As Maths Question

[kratos009]

Hey guys,
This might sound like a very trivial question but i seem to have forgotten how to do it . A table is given with the intervals

   time spent in x mins               Frequency

0<   x < or equal to 10                 210
10< x < or equal to 20                  134
20< x < or equal to 30                  78
30< x < or equal to 40                   72
40< x < or equal to 60                  46

The question asked estimate the mean time in minutes of the data given above. So using the interval do you use 5.5*210 + 15.5*134 + 25.5*78 etc... or do you use 5*210 + 15*134 and so on. The correct answer was using 5*210 + 15*134 but i don't get why the midpoint of the intervals are 5,15,25 etc instead of 5.5,15.5 etc. Could someone explain to me why that is?
I hope that all made sense.

Thank you in advance  

[Light]

well, it is easy if you know how.to calculate midpoint, u take the sum of upper boundary and lower boundary divided by 2.lets say 0<x or equal to 10,the lower boundary=0.upper boundary =10.midpoint =(10+0)/2=5.there is no gap between the classes.if there is gap like 1-10,11-20,...then u take 5.5 as the first midpoint as the lower boundary=0.5 and upper=10.5.midpoint=(10.5+0.5)/2=5.5.

[kratos009]

Oh right i get most of it. I'm still a little confused why the lower boundary for 0 in 0< x < or equal to 10 is 0. wouldn't the lower boundary be 0.5< x, because it is not greater than or equal to 0? and the higher boundary for 10 is < or equal to 10.5 because the table states it is < or equal to 10? Sorry i know this is a very trivial question but i can't seem to get my head around it...

[Light]

if lower boundary is 0.5 u r saying that the value starts form 0.5 but it is wrong cause if x>0,it can be also 0.1,0.2,0.3,0.0002 and etc which doesnt start from 0.5.the values has to start from 0. if the higher boundary is 10.5 u r saying the max is 10.5 ,but the question is less or equal to 10.the values greater than 10 like 10.1,10.2 ... are not counted.the maximum value must be 10 and so the upper boundary.

[kratos009]

Oh right I got what you are saying. Thanks a lot , i know it wasn't a very hard question but i couldn't seem to get my head around it which was frustrating.

[Tyserius]

Actually there is a trick to this. You can use the following examples to check your midpoints.

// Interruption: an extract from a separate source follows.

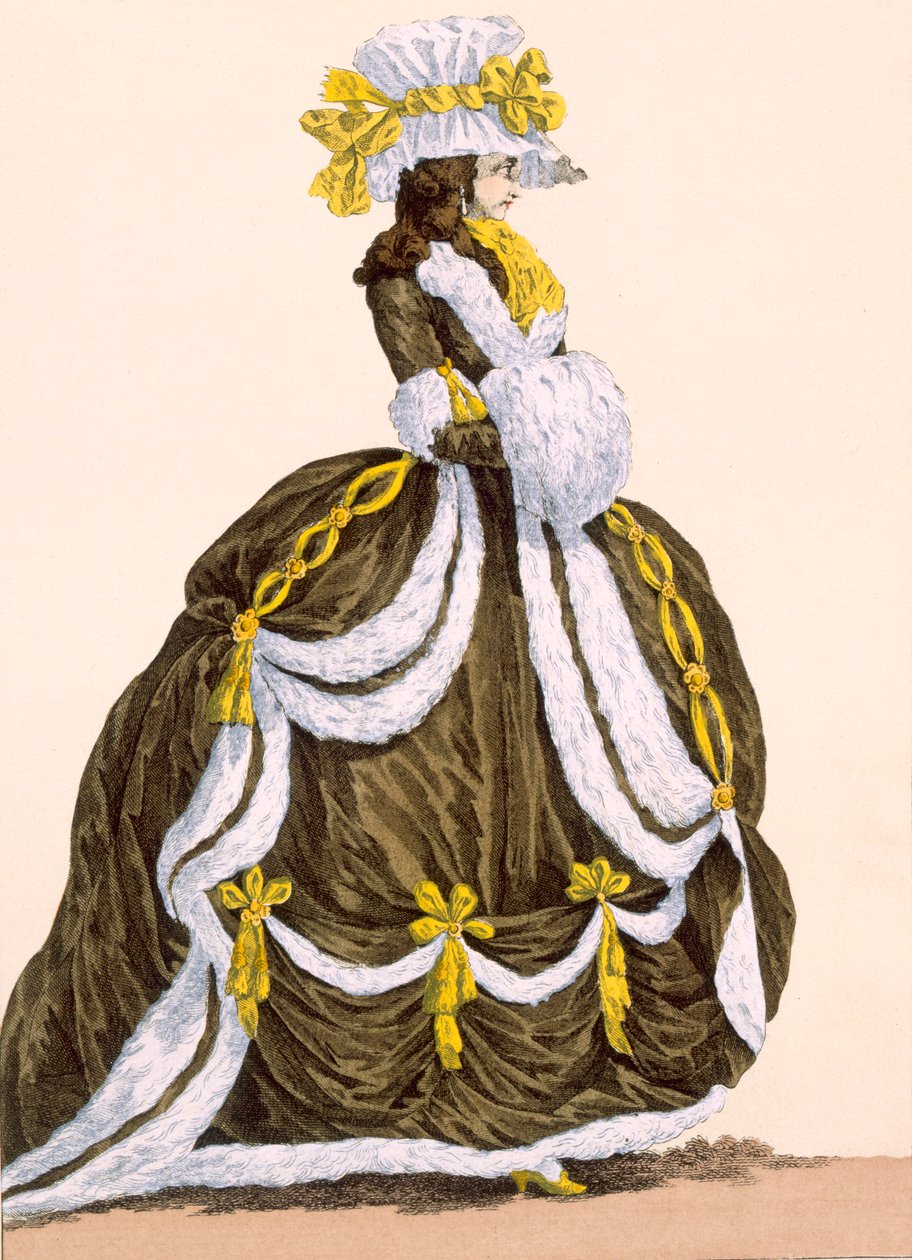 在法院展示的焦糖连衣裙，由Dupin雕刻，来自&39;Galeries des Modes et Costumes Francais&39;的第276号板，c.1778-87 作者 奥古斯丁·德·圣奥宾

i) When there is a case whereby :
   0 < x < or = 10
   10 < x < or = 20
   From the above you can see that the 1st class includes 10 while the 2nd class is right at the boundary of 10 so there is no  way that the 1st class can have an upper boundary of 10.5 because it would have exceeded into the 2nd class. In this case the upper boundary would be 10. Therefore, your midpoint is 5.

ii) When there is a case whereby :
    1 < or = x < or = 10
    11 < or = x < or = 20
    From the above you can see that the 1st class includes any number from 1 to 10 while the 2nd class from 11 to 20. Since there is no way that the two classes may interfere with one another as like how they would from the first case in (i), you can safely use the upper boundaries and lower boundaries to find your midpoint. Therefore, the midpoint for the 1st class would be 5 as well.

iii) When there is a case whereby :
     0 < or = x < 10
     10 < or = x < 20
     From the above you can see that the intervals may interfere with one another if you consider the upper boundary for the 1st class as it will then exceed 10.5 which is intruding upon the 2nd class. Hence, it is not viable for you to consider finding the midpoints using the upper boundaries and the lower boundaries. Thus, you can just consider the median number, which is 5.

Hope this helps! All the best for Paper 6 tomorrow